The magic in all of us in face of tragedy

‘They said she was wayward. They said it was all her fault. They said she had done something wrong. They lied.’ The plural forces of a misogynistic system lined up against the individual woman who is the object of sentences uttered against her is the real horror of Grady Hendrix’s apt new novel, in which the core is not the supernatural, but the magic that lies within each female body and the tenderness a writer can evoke for his beautifully realised and individuated characters in a story where repression and shame effloresce into tragic and beautiful rebellion.

It is 1970 and Neva is on her way to Florida with a father whose silent incandescence reverberates with the message he had laid out before the story began: ‘It would be better if she was dead’. Why? Because Neva is 15, unmarried, and pregnant. She is, in a word (because words don’t belong to girls; they belong to a patriarchal system working ‘to convince us that the most natural thing in the world was evil’), ‘wayward’. Naturally, such waywardness can only be dealt with through the combination of secrecy and physical and psychological abuse that forms the doubtless lucrative basis of Wellwood House, home for wayward girls, to which Neva is delivered ‘for a single purpose, which is to shed your sin and face your future’ – a future in which her baby is given up for adoption and she returns to an existence in which the most momentous event of her life can never be acknowledged.

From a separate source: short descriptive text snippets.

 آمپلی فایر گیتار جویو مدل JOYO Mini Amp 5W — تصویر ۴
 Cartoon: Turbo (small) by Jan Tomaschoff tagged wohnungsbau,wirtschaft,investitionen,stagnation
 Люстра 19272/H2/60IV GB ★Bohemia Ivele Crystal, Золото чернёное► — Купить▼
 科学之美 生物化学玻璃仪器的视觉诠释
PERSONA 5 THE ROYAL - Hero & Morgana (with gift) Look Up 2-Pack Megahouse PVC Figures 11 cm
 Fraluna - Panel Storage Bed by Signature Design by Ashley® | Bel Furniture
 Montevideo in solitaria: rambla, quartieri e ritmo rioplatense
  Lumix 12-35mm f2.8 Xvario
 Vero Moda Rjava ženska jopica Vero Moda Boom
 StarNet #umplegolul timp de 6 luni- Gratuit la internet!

Stripped of their names, their histories, their babies, and any semblance of control, the four central characters, Fern (Neva), Rose, Zinnia and Holly are given a way to, ostensibly, reclaim some control and the ability to fight back when a mysterious librarian gives Fern a book: ‘How to be a Groovy Witch’. When the silly-sounding volume proves capable of transferring Zinnia’s unacknowledged morning sickness to Wellwood House’s callous ob/gyn, the girls are faced with what seems like an easy choice: keep living their powerless, subjugated lives, or take ‘the power you need to solve your problems’. When they make the obvious and necessary choice, however, they realise that it is not just the forces of man that wish to control them.

Ultimately, as they battle for their futures, what the girls come to learn in ways that are both tragic and empowering, is that ‘the miracle that passed all understanding’ is nothing else but the miracle of childbirth. The power to command when and how and with whom and why to have a child is the power for which Grady Hendrix so compellingly advocates. It is a power worth reading about, and worth fighting for.